Despite the presence of these factors, overall survival was the same or better with nonselective beta-blockers than with selective beta-blockers.

Dr Sood's team is currently conducting a feasibility study to see if the role of beta-blockers in ovarian cancer can be investigated prospectively.

"Beta-blockers are not ready for prime time. The current study was retrospective, so we cannot start prescribing beta-blockers for everyone. However, now we are looking at whether we can use them safely in patients who do not have high blood pressure," Dr Sood reported. "Once the feasibility study is completed, we can start to look at beta-blockers' effects on stress hormones, how they affect progression-free survival, and other factors.

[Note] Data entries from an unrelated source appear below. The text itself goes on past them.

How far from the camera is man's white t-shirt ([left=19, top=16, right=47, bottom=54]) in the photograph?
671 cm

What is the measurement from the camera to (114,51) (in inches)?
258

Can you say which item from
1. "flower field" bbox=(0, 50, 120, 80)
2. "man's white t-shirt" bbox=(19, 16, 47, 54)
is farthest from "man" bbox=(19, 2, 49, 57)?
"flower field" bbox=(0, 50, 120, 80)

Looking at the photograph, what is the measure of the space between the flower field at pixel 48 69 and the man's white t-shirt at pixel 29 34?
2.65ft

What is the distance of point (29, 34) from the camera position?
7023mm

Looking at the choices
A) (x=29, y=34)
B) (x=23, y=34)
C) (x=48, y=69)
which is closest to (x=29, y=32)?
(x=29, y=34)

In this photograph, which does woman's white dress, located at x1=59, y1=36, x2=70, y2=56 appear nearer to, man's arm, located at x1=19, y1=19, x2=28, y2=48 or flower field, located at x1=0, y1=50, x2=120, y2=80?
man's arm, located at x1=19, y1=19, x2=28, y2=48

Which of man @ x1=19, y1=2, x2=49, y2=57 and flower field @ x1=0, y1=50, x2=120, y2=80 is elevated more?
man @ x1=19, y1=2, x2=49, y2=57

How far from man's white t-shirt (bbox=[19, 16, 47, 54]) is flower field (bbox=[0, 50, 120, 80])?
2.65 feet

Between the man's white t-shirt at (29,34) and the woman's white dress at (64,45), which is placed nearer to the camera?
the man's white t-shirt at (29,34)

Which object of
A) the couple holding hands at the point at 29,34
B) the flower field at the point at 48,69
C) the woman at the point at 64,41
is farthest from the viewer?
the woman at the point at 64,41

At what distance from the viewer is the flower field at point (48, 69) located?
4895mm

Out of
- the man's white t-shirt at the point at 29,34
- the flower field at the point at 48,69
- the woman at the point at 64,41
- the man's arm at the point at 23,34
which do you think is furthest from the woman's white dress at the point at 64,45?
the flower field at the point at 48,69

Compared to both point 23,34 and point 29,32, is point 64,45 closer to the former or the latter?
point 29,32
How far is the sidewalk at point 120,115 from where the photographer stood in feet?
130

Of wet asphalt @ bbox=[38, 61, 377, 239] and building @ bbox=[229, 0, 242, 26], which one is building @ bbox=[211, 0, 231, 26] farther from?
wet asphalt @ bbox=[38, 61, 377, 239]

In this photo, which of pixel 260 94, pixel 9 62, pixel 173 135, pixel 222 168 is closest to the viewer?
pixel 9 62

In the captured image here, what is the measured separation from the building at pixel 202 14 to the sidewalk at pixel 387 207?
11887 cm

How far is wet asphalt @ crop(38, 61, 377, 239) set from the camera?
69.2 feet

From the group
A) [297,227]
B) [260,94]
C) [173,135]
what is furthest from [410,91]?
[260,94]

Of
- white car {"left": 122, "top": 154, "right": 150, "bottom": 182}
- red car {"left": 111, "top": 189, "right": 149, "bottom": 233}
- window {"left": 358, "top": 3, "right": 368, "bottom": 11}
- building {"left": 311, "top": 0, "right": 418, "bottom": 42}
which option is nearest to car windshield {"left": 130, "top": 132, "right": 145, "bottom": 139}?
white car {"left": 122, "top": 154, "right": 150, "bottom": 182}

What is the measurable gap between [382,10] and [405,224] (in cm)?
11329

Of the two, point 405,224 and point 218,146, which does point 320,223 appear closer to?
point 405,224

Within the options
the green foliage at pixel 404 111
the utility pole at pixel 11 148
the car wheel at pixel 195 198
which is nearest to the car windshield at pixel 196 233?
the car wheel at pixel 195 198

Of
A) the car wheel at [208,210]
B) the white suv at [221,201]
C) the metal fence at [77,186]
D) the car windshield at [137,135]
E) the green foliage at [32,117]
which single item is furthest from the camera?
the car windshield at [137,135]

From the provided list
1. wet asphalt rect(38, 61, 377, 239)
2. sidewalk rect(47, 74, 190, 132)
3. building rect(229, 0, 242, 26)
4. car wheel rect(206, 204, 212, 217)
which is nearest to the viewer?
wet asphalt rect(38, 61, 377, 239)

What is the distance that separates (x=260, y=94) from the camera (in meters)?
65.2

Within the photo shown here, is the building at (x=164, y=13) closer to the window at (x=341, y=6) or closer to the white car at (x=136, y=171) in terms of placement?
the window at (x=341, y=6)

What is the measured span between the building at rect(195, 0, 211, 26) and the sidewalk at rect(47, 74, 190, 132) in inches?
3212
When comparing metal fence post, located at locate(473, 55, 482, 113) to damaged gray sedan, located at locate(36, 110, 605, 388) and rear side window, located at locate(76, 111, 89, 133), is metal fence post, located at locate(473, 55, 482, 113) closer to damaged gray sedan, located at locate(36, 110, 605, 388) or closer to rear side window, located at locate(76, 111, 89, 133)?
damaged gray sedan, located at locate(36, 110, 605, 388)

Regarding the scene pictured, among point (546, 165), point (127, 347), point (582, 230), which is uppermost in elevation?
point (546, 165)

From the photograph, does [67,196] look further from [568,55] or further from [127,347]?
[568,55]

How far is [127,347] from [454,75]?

The retrospective data look interesting, but we need to do things carefully and take a measured approach."

"Fascinating Clinical Article"

Dr Gary Leiserowitz

This is "a fascinating clinical article," said Gary S. Leiserowitz, MD, professor and chair of obstetrics and gynecology and chief of the division of gynecologic oncology at University of California Davis Medical Center in Sacramento.

"This work explores a longstanding interest on the part of M.D. Anderson researchers, especially Dr Sood," he told Medscape Medical News.

"He has been documenting the basic science that underlies the connection between stress hormones and the development of cancer, particularly ovarian cancer," Dr Leiserowitz explained. "In both in vitro and in vivo ovarian cancer cells implanted into immunodeficient mice, the researchers have shown that neuroendocrine hormones cause a cascade of direct cellular effects that promote enhanced growth of ovarian cancer. They have also shown that drugs that block adrenergic hormones, such as propranolol, markedly inhibit growth of ovarian cancer cells."

"Their previous studies were nonhuman, so this study shows that there may be similar strong benefits to ovarian cancer patients, although this has not been tested directly," he said.

"This could lead to clinical trials using beta-blockers during ovarian cancer treatment," Dr Leiserowitz added.

The study was sponsored by the National Institutes of Health, the Ovarian Cancer Research Fund Program project development grant, the Department of Defense, the Betty Ann Asche Murray Distinguished Professorship, the RGK Foundation, the Gilder Foundation, the Blanton-Davis Ovarian Cancer Research Program, and a Gynecologic Cancer Foundation-St. Louis Ovarian Cancer Awareness grant. Dr Sood and Dr Leiserowitz have disclosed no relevant financial relationships.